O temiz pak nefesin, âb-ı hayatı bu çölün,
Onu dûr etme ki her fert ona reyyan olacak.
Hele ol nur-u şerifin kime değmişse eğer,
Küçücük zerre de olsa, meh-i tâbân olacak.
O lütufkâr, o keremkâr eli öptükçe benim
Bu küçük kalb-i hazînim yine handan olacak.
Bab-ı feyzinden ırak olmayı asla çekemem,
Dahi nezrim bu ki canım sana kurban olacak.
Nazarın erse garip başıma ey nur-u Hüdâ,
Bugün artık bu hakir bendede umman olacak
Yine haksın, buna şahit yine Kur'ân olacak.
Kab-ı Kavseynden alıp dersimi bildim ki ayân,
O güzel nur-u bedi', mânevî sultan olacak.
Sakınıp, Feyz-i bîçareye bahs açma bugün,
Yeni baştan yine şeydâ, yine giryan olacak.
Bu lirik şiirden, bilhassa "Dahi nezrim (adağım) bu ki, canım sana kurban olacak" mısraından anlıyoruz ki, şehid Hâfız Ali gibi Hasan Feyzi Efendi de Üstad Hazretleri için ömrünü bağışlamış...

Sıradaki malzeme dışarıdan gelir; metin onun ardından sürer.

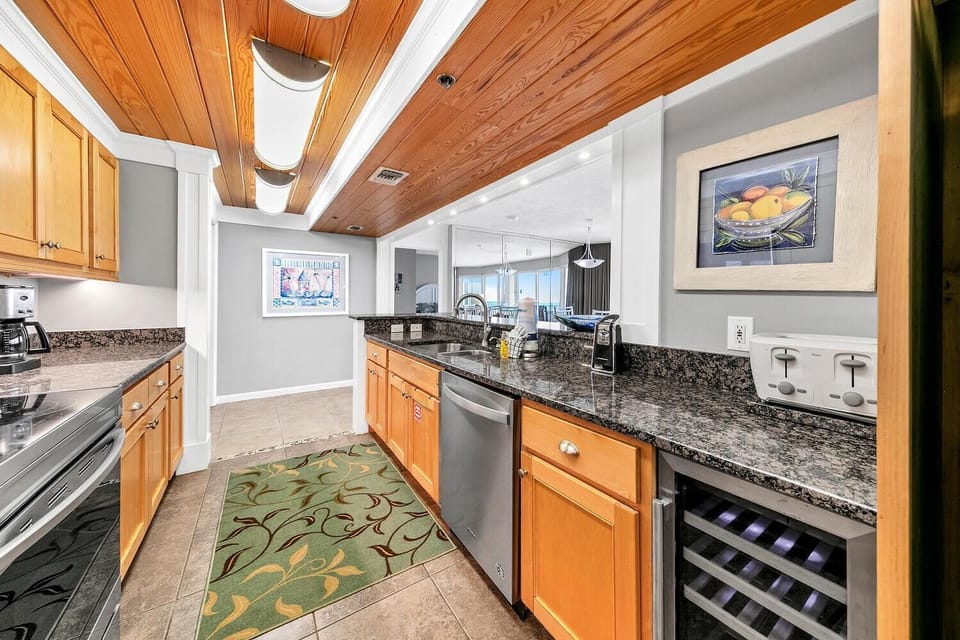 Condo, Multiple Beds (Long Beach Resort 2-201) | Private kitchen | Oven, toaster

Üstad'ın Emirdağ'da zehirlenmesi haberi kendisine ulaşınca Hasan Feyzi Efendi, Emirdağ ile ilgili şöyle diyor:
"Ah, o Emirdağ! Biz onun nasıl bir dağ olduğunu hâlâ anlayamadık. Ondaki esrarı hâlâ çözemedik. O dağ hakikaten Emir Dağı mı? Yoksa Esir Dağı mı? O da bize bir dağ (dağlanmış yerdeki yanık yarası) oldu. O dağın vurduğu dağ yine bizi dağladı. Onun dağı bizi yaktı kavurdu. O dağ bizim dağımız üzerine binlerle dağ olup hepimizi dağladı, hüzün ve elem verdi. Ah, o dağ yüz binlerle kardeşin yetim kalmasını kasdetti. Hepimizi diri diri ateşlere yaktı. Hâsılı, o dağ seni harap, bizi kebap etti, Üstadım. Ona Emir Dağı değil, emerr (en acı) dağı ve ecel dağı demeli. Seni aramızdan alıp kendine ve içine çeken o dağa Emir Dağı değil, emen dağı demeli."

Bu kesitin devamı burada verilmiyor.